The records =
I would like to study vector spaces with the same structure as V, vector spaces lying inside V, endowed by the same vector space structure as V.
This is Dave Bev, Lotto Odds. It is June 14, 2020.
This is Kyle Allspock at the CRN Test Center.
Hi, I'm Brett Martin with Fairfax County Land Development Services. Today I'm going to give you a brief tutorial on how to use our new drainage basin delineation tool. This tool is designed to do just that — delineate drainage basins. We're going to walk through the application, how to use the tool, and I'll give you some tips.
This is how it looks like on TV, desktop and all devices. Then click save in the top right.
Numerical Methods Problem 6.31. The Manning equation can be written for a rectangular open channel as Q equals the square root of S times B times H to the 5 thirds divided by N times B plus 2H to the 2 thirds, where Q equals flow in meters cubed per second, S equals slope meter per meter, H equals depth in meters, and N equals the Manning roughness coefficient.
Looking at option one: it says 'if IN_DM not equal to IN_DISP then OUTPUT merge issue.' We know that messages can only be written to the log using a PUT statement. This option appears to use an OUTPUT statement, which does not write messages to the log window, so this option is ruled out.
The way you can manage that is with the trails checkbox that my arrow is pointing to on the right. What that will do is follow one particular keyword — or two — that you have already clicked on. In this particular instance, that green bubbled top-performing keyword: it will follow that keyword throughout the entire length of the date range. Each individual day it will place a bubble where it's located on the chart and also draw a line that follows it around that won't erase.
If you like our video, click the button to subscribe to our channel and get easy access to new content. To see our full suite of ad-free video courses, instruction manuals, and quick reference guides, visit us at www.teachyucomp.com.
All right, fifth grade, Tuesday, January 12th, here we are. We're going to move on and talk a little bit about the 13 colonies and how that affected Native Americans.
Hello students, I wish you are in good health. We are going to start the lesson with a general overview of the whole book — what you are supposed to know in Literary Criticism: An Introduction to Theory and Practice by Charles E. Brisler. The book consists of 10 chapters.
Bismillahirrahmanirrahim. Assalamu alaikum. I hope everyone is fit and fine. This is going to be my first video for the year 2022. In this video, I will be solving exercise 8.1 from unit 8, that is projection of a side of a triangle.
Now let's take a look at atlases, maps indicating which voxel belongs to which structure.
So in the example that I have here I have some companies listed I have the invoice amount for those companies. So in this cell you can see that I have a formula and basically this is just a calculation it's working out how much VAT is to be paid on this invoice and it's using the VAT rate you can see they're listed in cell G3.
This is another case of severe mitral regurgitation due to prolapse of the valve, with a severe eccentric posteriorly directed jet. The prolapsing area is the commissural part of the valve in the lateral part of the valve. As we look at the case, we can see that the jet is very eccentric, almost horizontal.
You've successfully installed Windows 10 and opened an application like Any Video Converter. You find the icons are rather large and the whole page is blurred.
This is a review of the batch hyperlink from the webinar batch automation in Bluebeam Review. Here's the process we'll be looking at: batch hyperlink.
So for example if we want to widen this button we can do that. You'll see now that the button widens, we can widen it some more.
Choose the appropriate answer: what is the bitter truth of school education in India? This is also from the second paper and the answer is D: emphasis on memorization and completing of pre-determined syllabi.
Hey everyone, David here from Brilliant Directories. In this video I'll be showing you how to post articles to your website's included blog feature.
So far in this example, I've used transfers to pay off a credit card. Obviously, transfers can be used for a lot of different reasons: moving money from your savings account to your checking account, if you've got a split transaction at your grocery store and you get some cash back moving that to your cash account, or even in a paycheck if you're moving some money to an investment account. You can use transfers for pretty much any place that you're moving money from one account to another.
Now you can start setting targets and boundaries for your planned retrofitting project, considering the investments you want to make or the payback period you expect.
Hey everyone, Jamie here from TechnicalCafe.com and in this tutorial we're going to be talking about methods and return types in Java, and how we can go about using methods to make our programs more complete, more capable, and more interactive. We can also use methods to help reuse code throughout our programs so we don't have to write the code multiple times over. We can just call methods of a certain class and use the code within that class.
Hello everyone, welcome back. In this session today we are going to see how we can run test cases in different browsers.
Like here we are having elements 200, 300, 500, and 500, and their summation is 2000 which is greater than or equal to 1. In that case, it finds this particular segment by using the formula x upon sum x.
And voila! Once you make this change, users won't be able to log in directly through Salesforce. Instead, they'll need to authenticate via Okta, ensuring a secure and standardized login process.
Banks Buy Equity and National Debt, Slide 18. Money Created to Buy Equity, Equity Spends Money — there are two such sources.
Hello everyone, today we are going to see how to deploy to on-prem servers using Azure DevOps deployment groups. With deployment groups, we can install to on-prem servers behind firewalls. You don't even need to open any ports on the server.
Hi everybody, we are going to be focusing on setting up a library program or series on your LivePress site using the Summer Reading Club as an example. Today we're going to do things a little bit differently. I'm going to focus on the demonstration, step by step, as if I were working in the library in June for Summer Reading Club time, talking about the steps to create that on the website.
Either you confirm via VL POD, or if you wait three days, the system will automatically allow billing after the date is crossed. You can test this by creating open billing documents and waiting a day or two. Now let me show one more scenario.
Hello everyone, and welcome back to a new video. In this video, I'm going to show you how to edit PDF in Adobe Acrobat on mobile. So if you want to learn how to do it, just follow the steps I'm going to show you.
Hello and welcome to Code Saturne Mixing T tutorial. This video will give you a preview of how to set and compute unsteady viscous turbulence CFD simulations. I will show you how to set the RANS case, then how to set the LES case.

Work to be completed = Could you return exactly the lines above from the line with "Hello students, I" to the line with "This is another", both included, and nothing else?

Answer to this exercise =
Hello students, I wish you are in good health. We are going to start the lesson with a general overview of the whole book — what you are supposed to know in Literary Criticism: An Introduction to Theory and Practice by Charles E. Brisler. The book consists of 10 chapters.
Bismillahirrahmanirrahim. Assalamu alaikum. I hope everyone is fit and fine. This is going to be my first video for the year 2022. In this video, I will be solving exercise 8.1 from unit 8, that is projection of a side of a triangle.
Now let's take a look at atlases, maps indicating which voxel belongs to which structure.
So in the example that I have here I have some companies listed I have the invoice amount for those companies. So in this cell you can see that I have a formula and basically this is just a calculation it's working out how much VAT is to be paid on this invoice and it's using the VAT rate you can see they're listed in cell G3.
This is another case of severe mitral regurgitation due to prolapse of the valve, with a severe eccentric posteriorly directed jet. The prolapsing area is the commissural part of the valve in the lateral part of the valve. As we look at the case, we can see that the jet is very eccentric, almost horizontal.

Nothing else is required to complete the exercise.